Raymond Evans, in his 2007 History of Queensland, places Cane Toad Times in the broad context of Queensland radicalism, flying the ‘freak flag’ with radio station 4ZZZ. However, this referred more to the first Cane Toad Times, for which Ray was a contributing cartoonist, than the second. Not in the least bit freaky, Anne Jones and Damien Ledwich were both 4ZZZ and Semper alumni, equipped with radio and newspaper communication skills. From the start, they took a direction setting them apart from the first collective — there were no reviews. When the leading lights of the ‘counter culture’ either left or were headhunted by the emerging youth culture venues in the southern states, or hid out in the establishment to outlast the Joh years, there was nothing to review. Queensland was not only a literary and arts vacuum, in 1983, it was a journalism-free zone. Reporting in The Courier-Mail was as far from genuine journalism as you could get, selling papers with puff pieces, hokey meat-pie philosophy and a-nod-and-a-wink to the blind horse gobbling up Queensland mineral wealth, environment and real estate.

Cane Toad Times 1983–1990 was a mixture of hard-hitting journalism, rants, cartoon strips, parodies, lists, short stories, quizzes and bold graphic design. It rejected anything needlessly obscure, pretentious or arty. It was not a place for self indulgence or celebrity. Its famous campaign against ‘creeping poetism’ was really a rallying call to seize back the mainstream in the absence of any meaningful culture in Queensland. An eight-point list of aims in Issue 1 of The Eccentric Voice was not kidding when it asked its writers, illustrators and readers to boldly go where no poet has been before, to seek out and vigorously oppose creeping poetism in all its earthly manifestations, to wipe poetry off the face of the earth, and to undermine the family and totally destroy western civilisation as we know it.

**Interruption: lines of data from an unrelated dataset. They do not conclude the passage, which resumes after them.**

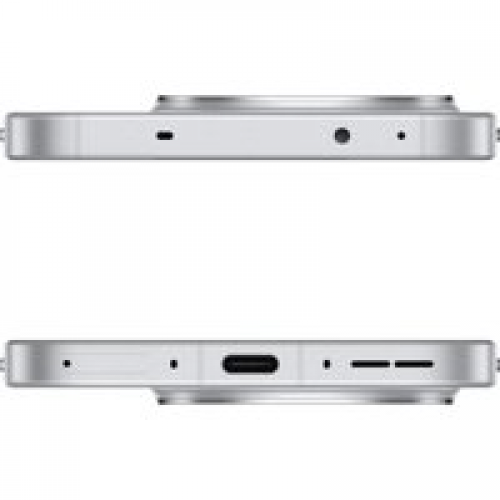 Телефон OnePlus Ace 5 Pro 16GB/1TB китайская версия (лунный белый)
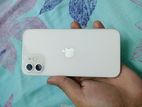 Apple iPhone 12 (Used)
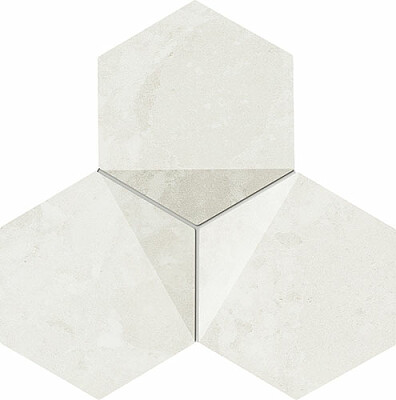 tubadzin-zien-mozaika-scienna-scoria-white-192x165-6233.jpg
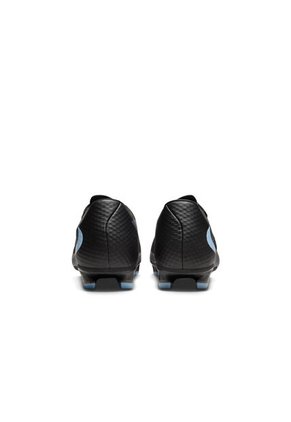 Guayos Nike Phantom 360 Acad Fg/Mg Hombre-Negro
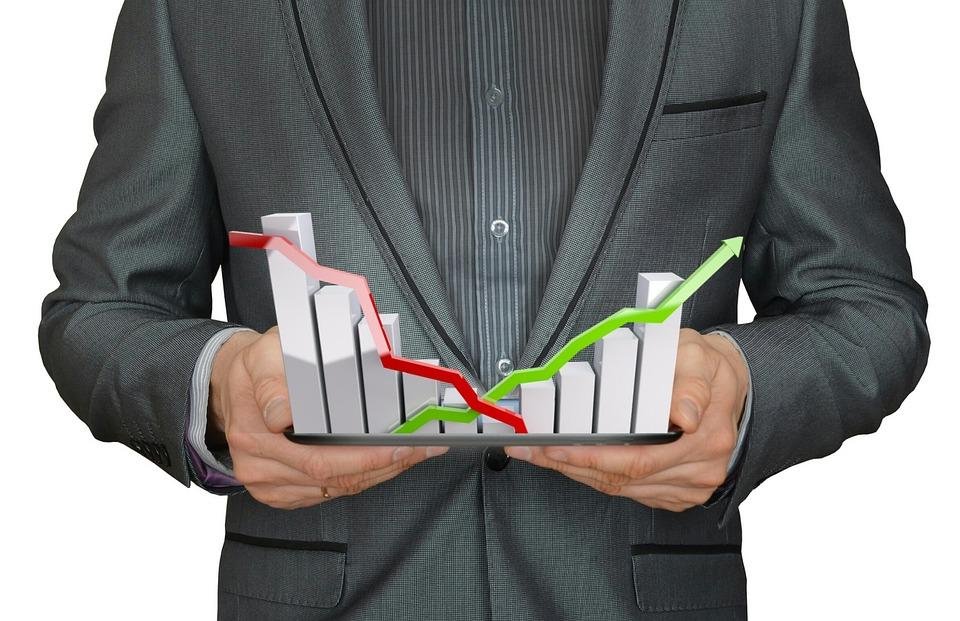 cara main metatrader 4
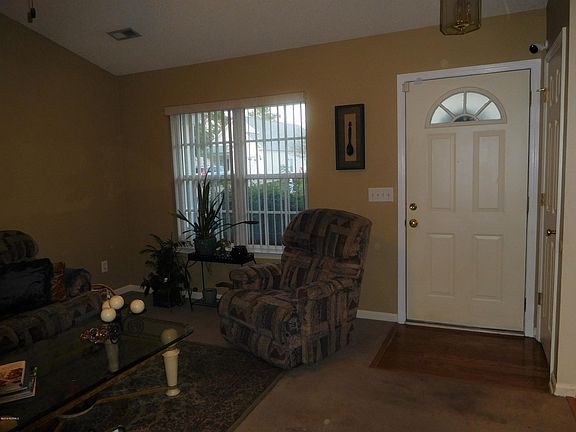 2nd image of 6614 Dorrington Drive SW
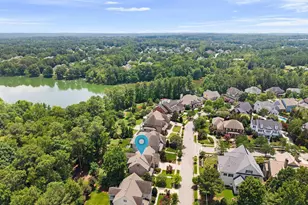 805 Dominion Hill Dr, Cary, NC 27519 - Photo 75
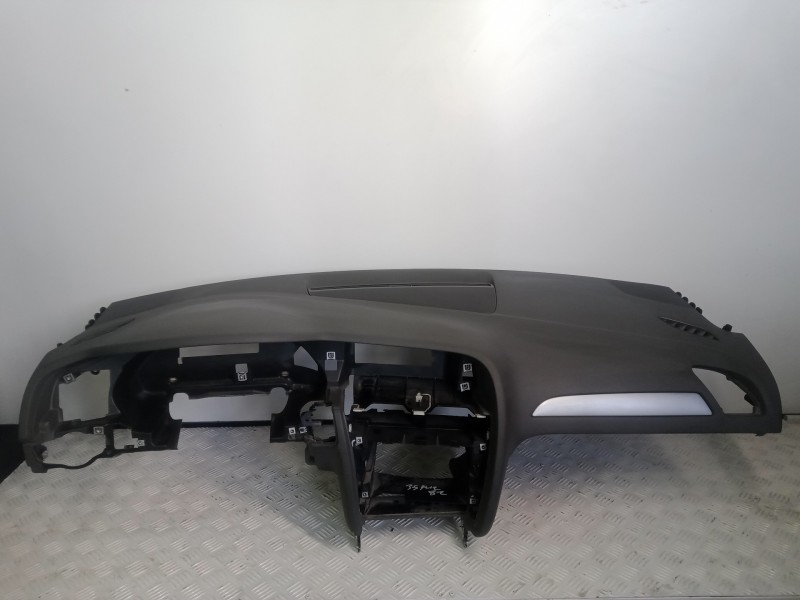 Recambio de salpicadero para audi a4 ber. (b8) 1.8 16v tfsi referencia OEM IAM   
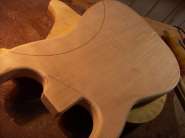 ����������� 335.jpg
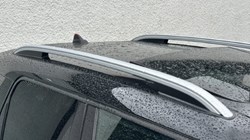 2022 (22) MINI COUNTRYMAN 1.5 Cooper Sport 5dr Auto 4983885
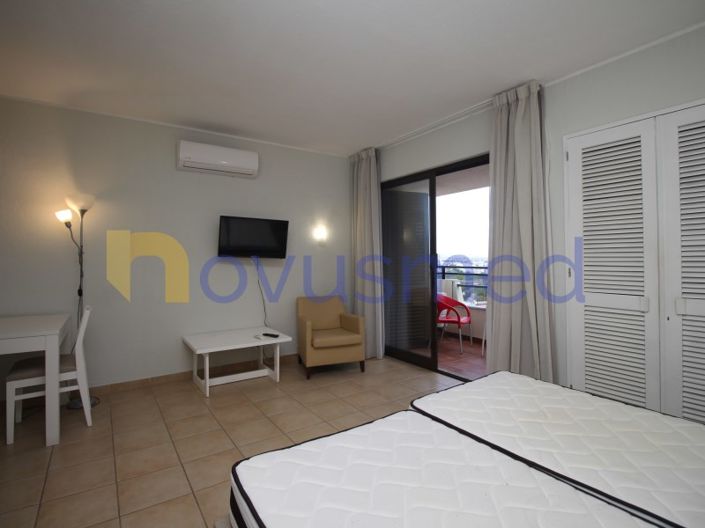 Image No.9-Apartment for sale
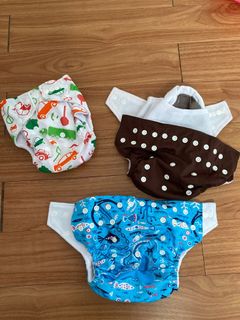 (Category: ) located in . Submitted by lovedlots (Listing ID 1218614480, Image 1). Description: .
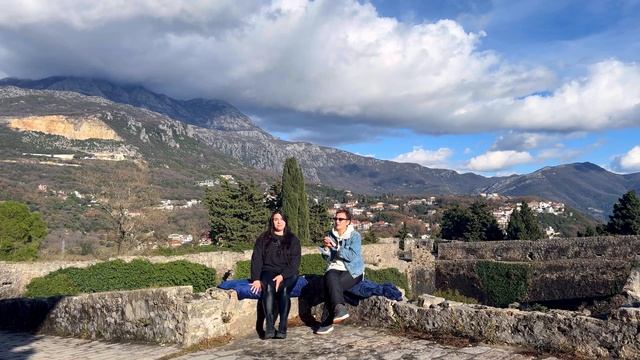 Как научить рисовать ребенка с сенсорной алалией? Развитие наглядно-образного мышления смотреть онлайн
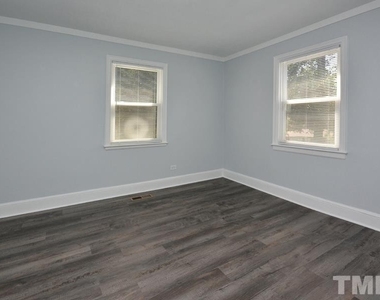 1006 N Guthrie Avenue - Photo Thumbnail 9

We’re just here for the fear – Queensland Paranoia written by ‘Someone Else’, set the tone. ‘Someone Else’ was Steve Stockwell, now Professor of Journalism at Griffith University.

Among Cane Toad Times editors, it was Damien Ledwich who was most insistent on the need to seize the mainstream publishing tools of mass production and wide circulation. He was not interested in one-off performance, or appealing to the arts ghetto. The Cane Toad Times editorial process was a friendly one, with food, drink and plenty of laughter, but it was a tough school. Good ideas got better, bad ones got dumped. The individual voice of the ‘auteur’ was happily sacrificed for finely-honed material forged by the group. No one was too precious about their ideas and even lame jokes with the germ of a good gag were thrashed out around the table.

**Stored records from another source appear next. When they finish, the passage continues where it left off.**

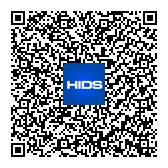 Scan this QR code to visit this web page on your mobile device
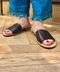 thumbail4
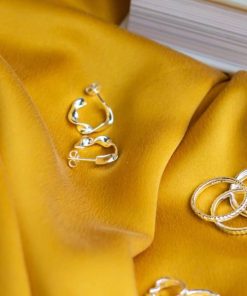 Mywor.shop9d6e8b464c 2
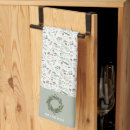 Suche nach christlich geschirr tücher Elegant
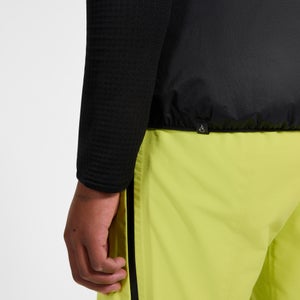 Women's MTN Arete Synthetic Vest - Black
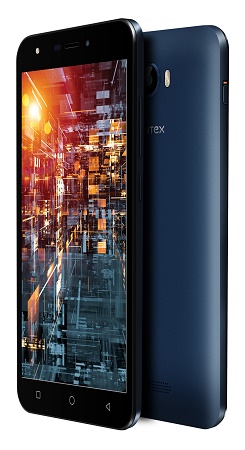 intex-aqua-5-5-vr-official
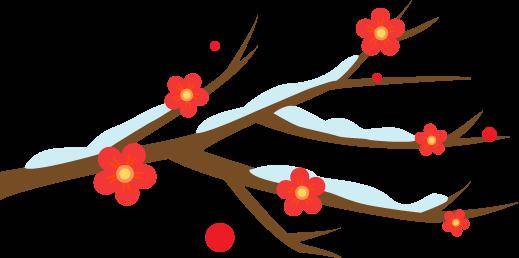 今日元宵丨"yuan"圆满满过佳节_青年_yuan_以下事项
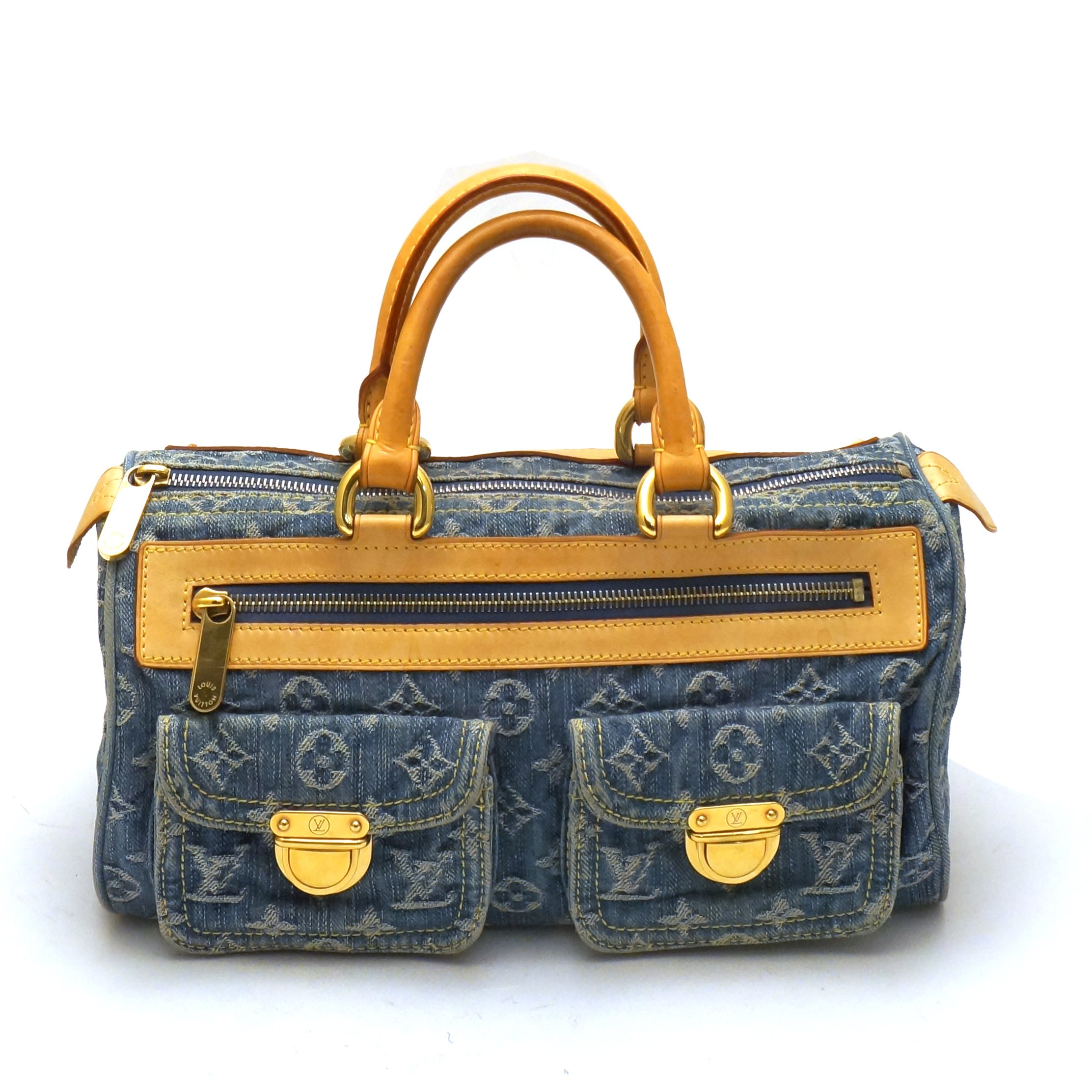 BAGS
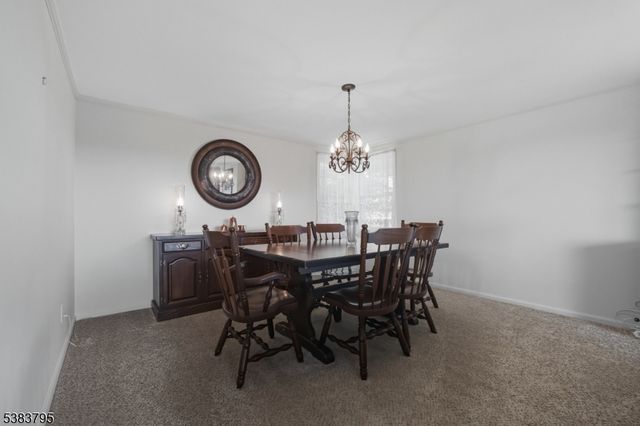 9 Golfview Ter, Sparta Twp., NJ 07871
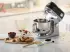 Kenwood kMix KMX 750 BK pfeffer-schwarz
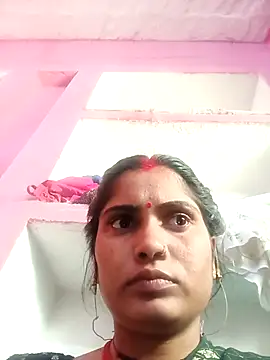 Pushpa hotty online show from February 9, 11:19 am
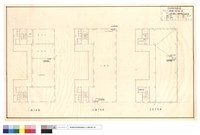 藏品(小型會議室大禮堂增設冷氣設備)的圖片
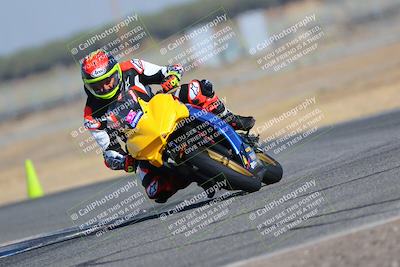 media/Oct-09-2023-Lets Ride (Mon) [[4538afbd49]]/A Group/10am (Sweeper)/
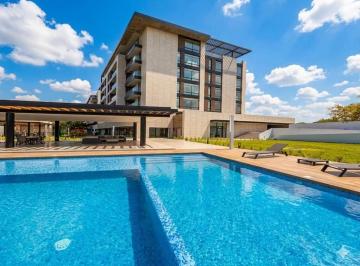 1 · Penthouse en Venta Lomas de Valle Alto Zona Carretera Nacional Monterrey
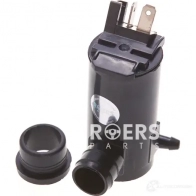 Насос омывателя ROERS-PARTS 9 7MJDO RP0K62067483A 1438110045 - Изображение 2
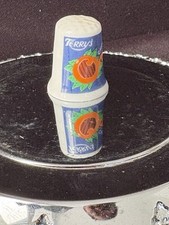 Terrys chocolate orange for sale  ILKESTON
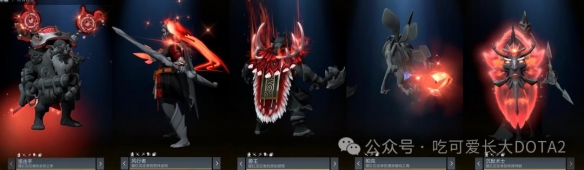 游侠网8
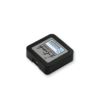 J-Link PLUS Compact view 3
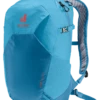 DEUTER SPEED LITE 21 Azure Reef -Snowboard Gear Shop 3410222 1361 speed lite 21 azure d 00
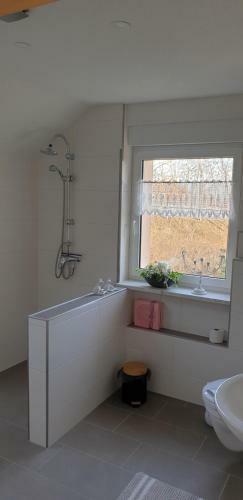 Apartamento Ferienwohnung M�ller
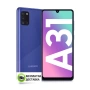 Samsung Galaxy A31 4GB / 128GB, снимка 1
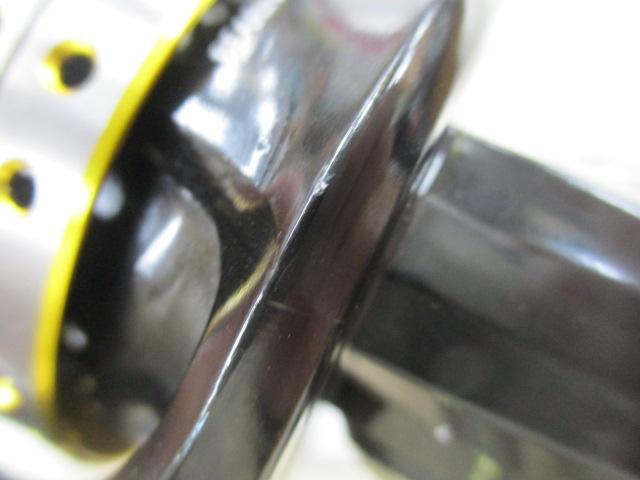 スーペリア 5000H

The hard work paid off. Like 4ZZZ before it, talent at Cane Toad Times was recognised by southern journalists, illustrators and writers who got on board for the crazy ride. Queensland was the funniest show in town. High-quality humour and invective started pouring in when each theme for the coming issue was announced. Two telling issues were #4 Food and Corruption and #5 Death and Style. Cane Toad Times was not opposed to those ‘in power’ so much as intent on bypassing and ignoring them, except to poke fun at their obvious stupidity and evil.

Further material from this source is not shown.